223. The Registrar General has a duty to collect information relating to births and deaths under the Births and Deaths Registration Act 1953. Each week registrars supply the Registrar General with details of all the births and deaths registered during the preceding week. He also receives data about births and deaths outside the UK under various statutory provisions. These are used to update the NHS Central Register.

224. The main function of the NHS Central Register is to support the work of Health Authorities in England and Wales by maintaining a central record of all patients registered for NHS purposes. Primarily it assists in the transfer of patient case notes between GPs, by informing Health Authorities of patients moving out of their area, and supports the maintenance of accurate GP lists by informing Health Authorities of deaths, emigrations and enlistment in the Forces. It holds a basic set of data on registered patients (name, date of birth, sex, NHS number and Health Authority registration).

225. The above arrangements for the weekly transmission of data collected by registrars to the NHS Central Register were introduced at the beginning of the Second World War. The arrangements in respect of certain births and deaths outside the UK were introduced at about the same time.
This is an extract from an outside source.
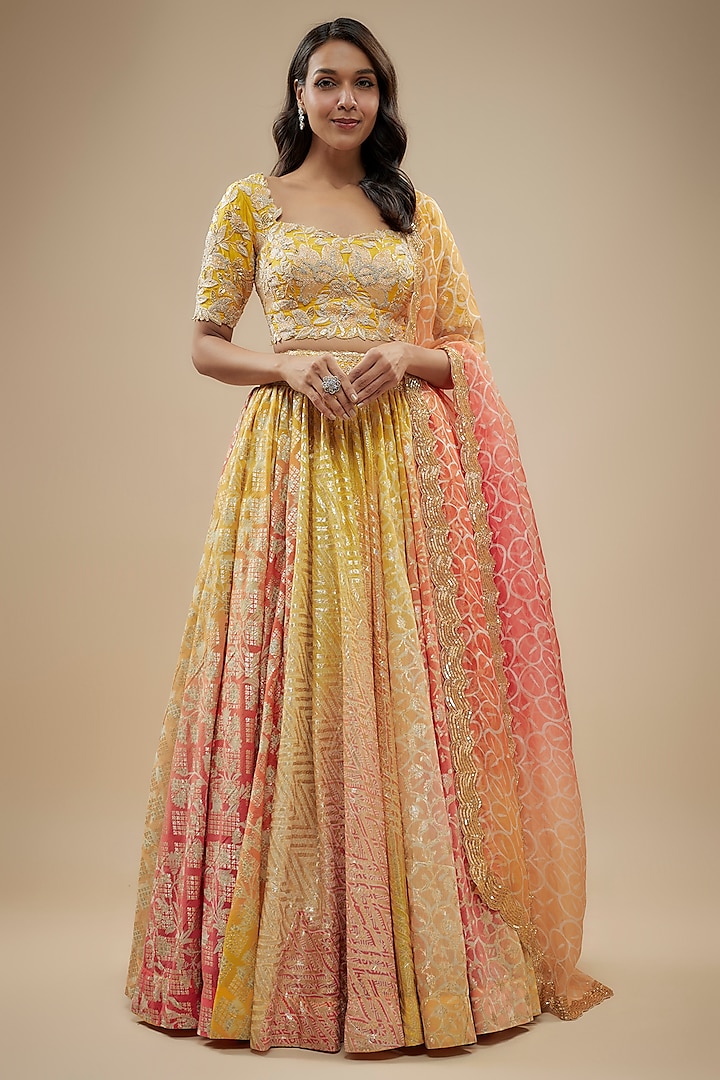 Yellow-Orange Organza Handwoven Printed Lehenga Set by Prisha's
There is no specific power to provide any of this information to the Secretary of State for Health.

226. The purpose of this clause is to amend the 1977 Act to bring about the formal, legal, regularisation of the supply of registration data to the Secretary of State for Health for health purposes only.

PART II - THE NATIONAL HEALTH SERVICE: SCOTLAND

Clause 36: Repeal of law about fund-holding practices

227. Sections 87A to 87C of the 1978 Act (inserted by the 1990 Act) provided for the establishment of fund-holding practices in Scotland (see the commentary on clause 1 for fuller background on fund-holding). As set out in the White Paper Designed to Care, GP fund-holding in Scotland will be abolished and Local Healthcare Co-operatives will be set up. These will be voluntary networks of GPs and other primary care professionals working together to plan and provide primary and community health services and provide support for general practice. Local Health Care Co-operatives will be established from April 1999 as part of the management structure of primary care NHS trusts (see clauses 37 to 40) and will draw their powers and functions from these trusts. They do not therefore require separate legislative provision. (For the purposes of these Explanatory Notes only, in order to avoid confusion with the Primary Care Trusts being introduced in England and Wales, these bodies are referred to as "primary care NHS trusts". In everyday usage they will be called "Primary Care Trusts", in accordance with the terminology employed in Designed to Care.)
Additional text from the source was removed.